“Fim de ano é correria”.
(Jura? Pra você também?)
Encontros, confraternizações, happy hours… Pipocam eventos de todas as naturezas e por todos os lados.
De repente, não temos mais finais de semana disponíveis até 2045.
Até a trilha sonora das lojas é mais acelerada que o normal, repare. Músicas com cara de elevador dão lugar a trilhas clássicas com tema natalino que nos atiçam o senso de urgência com seus violinos insistentes e flautins agudésimos. A sensação coletiva é de estar no desenho do Papaléguas. Corra! Ho-ho-ho! Chegou o Natal!
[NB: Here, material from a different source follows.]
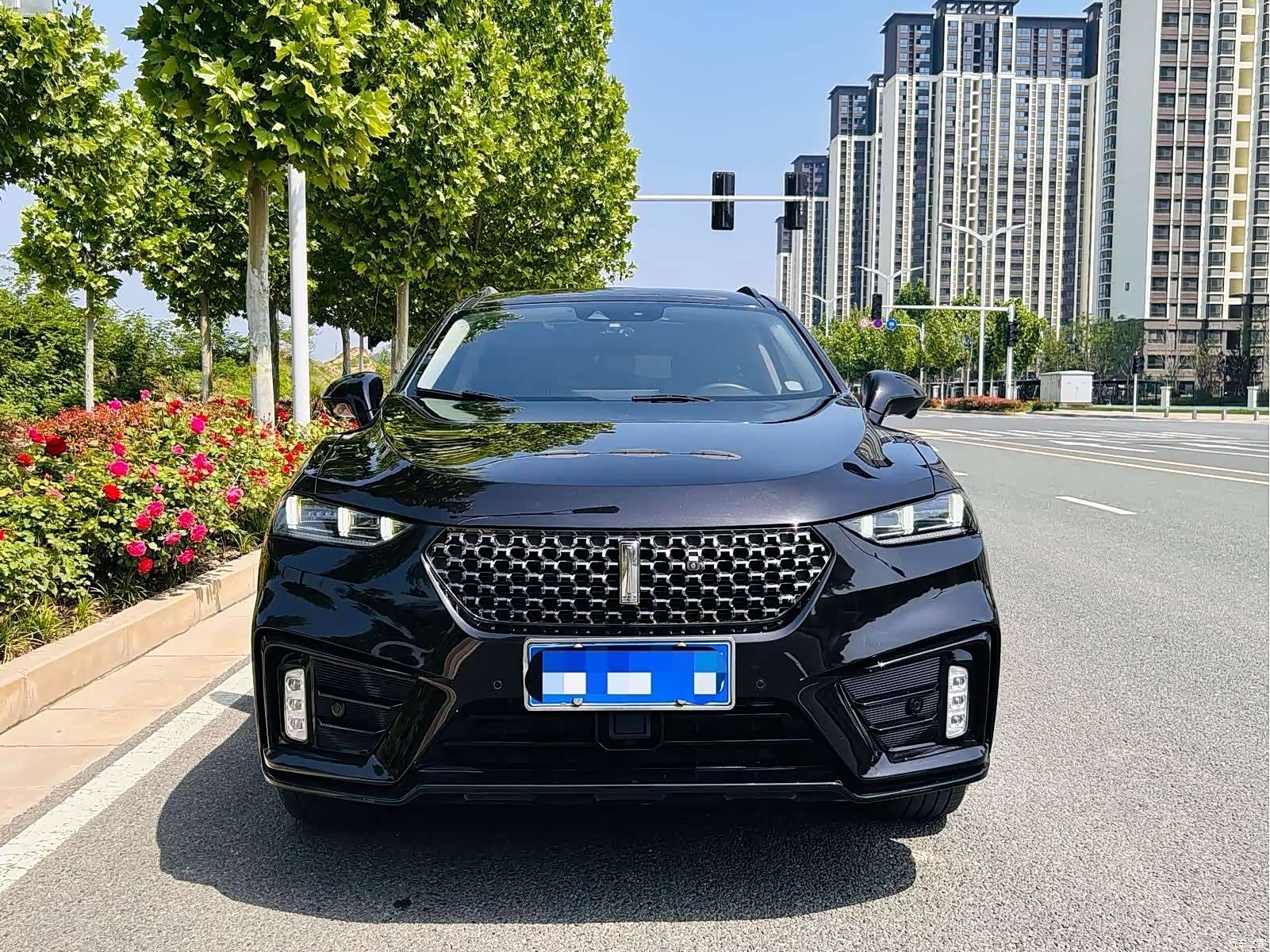 WEY VV7, 2019 1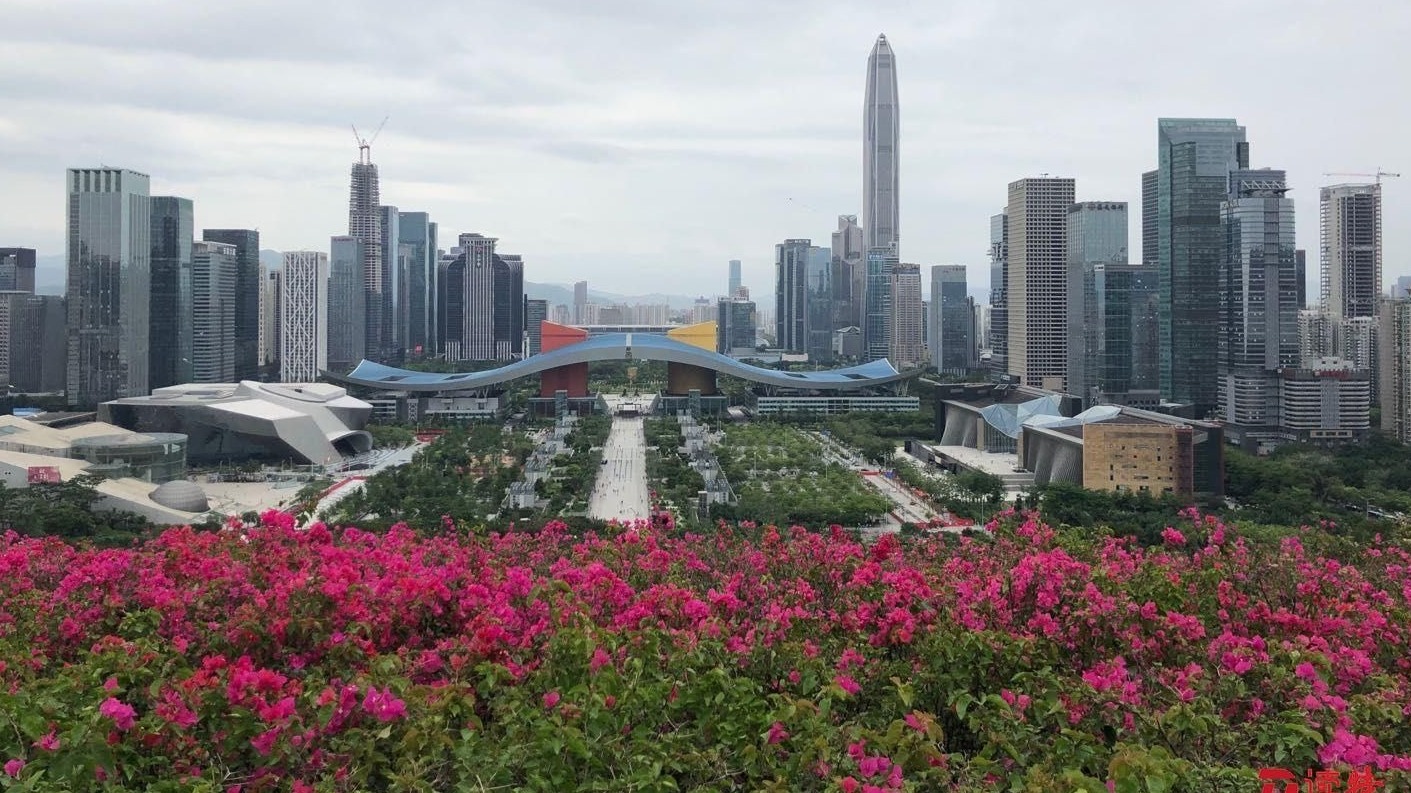 深圳到本世纪中叶将成为全球生态标杆城市！四大路径推进建设美丽中国典范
Na hora do almoço, vemos grupos de pessoas trocando lembranças e entregando uns aos outros os sorrisos economizados durante o ano inteiro.
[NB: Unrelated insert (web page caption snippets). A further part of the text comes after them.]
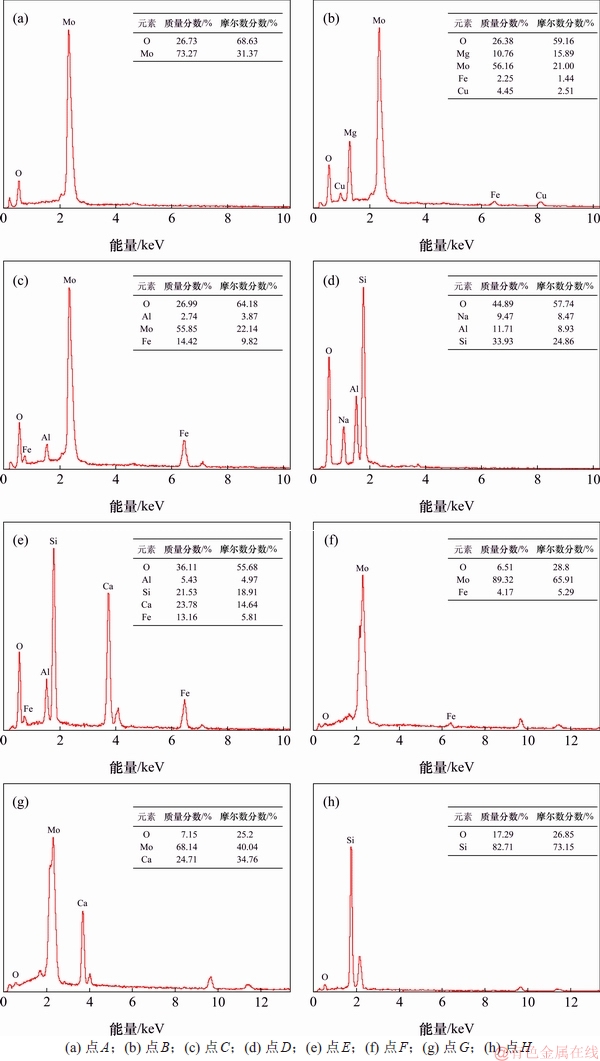 FX_GRP_ID80006015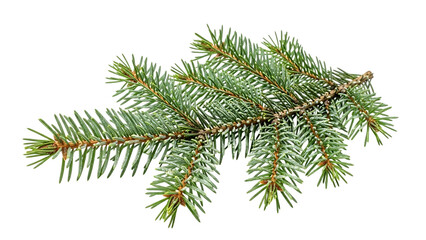 Green pine branch with needles on black background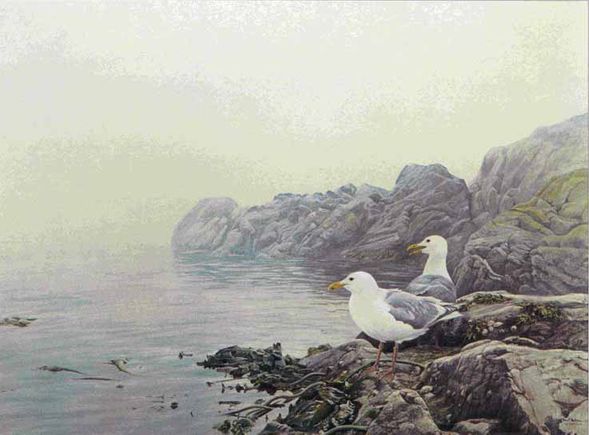 ROBERT BATEMAN  Secondary Market Art: "MISTY COAST GULLS"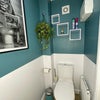 Photo 6: Downstairs toilet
Quiçá nós também estejamos preocupados com o presente de amigo-secreto que teremos que comprar para o colega da firma com quem mal trocamos um par de palavras no último semestre.
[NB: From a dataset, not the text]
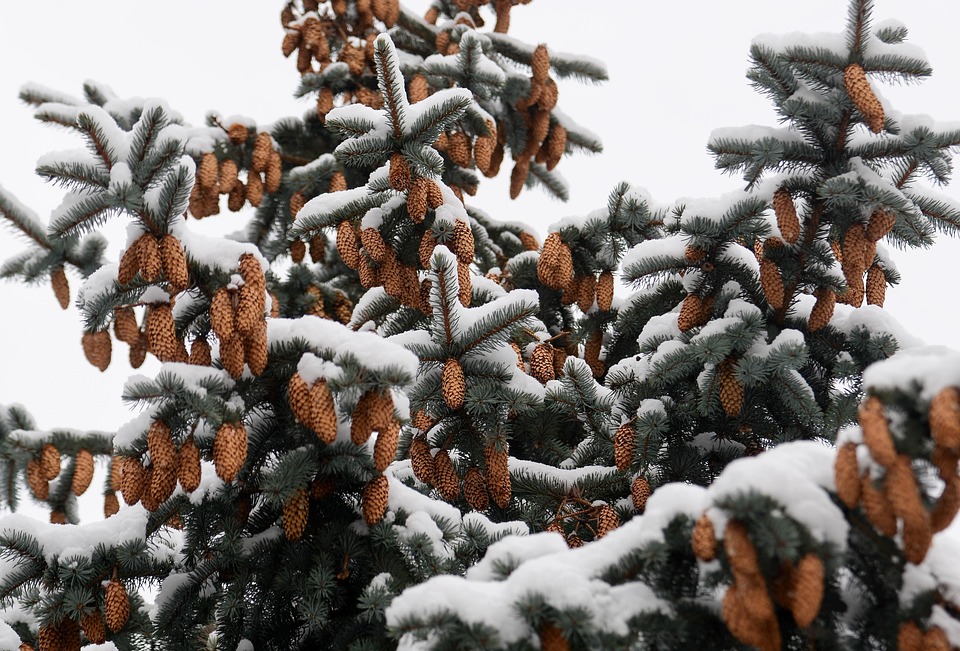 针叶树 冬天 雪 - Pixabay上的免费照片 - Pixabay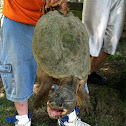 Snapping Turtle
Isso se não pagamos R$ 49,90 para o site evitar que a gente tire aquele babaca insuportável do quinto andar. Afinal, a tecnologia serve facilitar nossa vida, não é mesmo? Pouco importa se o valor do amigo secreto é R$ 25,00. Investir o dobro para nos livrar de uma situação desagradável é totalmente necessário e justificável num amigo secreto.
Deviam inventar o “colega-secreto”. Mais apropriado, já que amigo mesmo a gente conta nos dedos. Triste realidade. E o pior é que, nessa sangria desatada de fim de ano, mesmo a esses poucos acabamos não tendo tempo de nos dedicar.
Família? Depois. Precisamos finalizar relatórios anuais importantes para a empresa.
Filhos? Agora não dá, estamos ocupadíssimos com o presente que precisamos comprar pra eles.
Amigos? Ué, sumiram… Devem ter também suas tarefas inadiáveis.
É estranho pensar que negligenciamos aos nossos queridos a presença justamente porque queremos ter recursos para comprar-lhes presentes.
Sim, porque na mesma medida em que nos vemos mais propensos a demonstrar carinho a quem amamos, temos pressa. Como se o mundo – e não apenas o ano – fosse acabar.
Não sobra tempo para o carinho, para o amor, para a presença. Só para ir atrás da lista de presentes ou dos eventos que nos lotam as agendas.
O motivo da pressa? Estão chegando as esperadas festas! Seguidas – para os mais sortudos – das queridas férias. Praia, montanha, sol, vento na cara, churrasco, dormidinha na rede, lagarteio no sofá… Ahhhh, que alegria.
Corremos para descansar. É isso mesmo, produção?
Deixamos que os meses inteirinhos de novembro e dezembro nos escorram pelos dedos para, possivelmente, desfrutarmos dos dois últimos finais de semana do ano ou de uma quinzena de janeiro.
Será que faz sentido “perdemos” tanto tempo acelerados, se não temos sequer a garantia de que estaremos vivos para comer o peru de Natal?
Temos pavor de que as crianças virem porcos-capitalistas-consumistas, mas não gastamos uma hora do nosso dia com elas desenhando um cartão para a vovó. Mais fácil ir ao shopping e deixar que escolham seu próximo objeto plástico de consumo licenciado pela Disney.
Talvez alguns de nós nos surpreendamos quando nossos filhos não quiserem passar o fim de ano em família. Vão viajar com os amigos e, lá sim, encontrarão diversão! Não haveria problema algum nisso, se a motivação da viagem fosse a alegria pela companhia da galera – e não a fuga de um ambiente que não lhes traz boas memórias afetivas.
Que prazer encontram eles na nossa presença? O quanto nos dedicamos a construir boas recordações em família? Será que nós mesmos sabemos valorizar a importância do lar?
Aos amigos, restar-nos-á enviar um spam de “Feliz Natal” via Whats, no dia 24. Depois que tivermos enchido a pança e nada melhor tivermos para fazer ao som do rei Roberto Carlos, claro. São tantas emoções…
Se estamos mais ocupados com os presentes – e não com a presença – talvez seja esse o legado que deixaremos: relações descartáveis como os papéis de presente rasgados pela sala.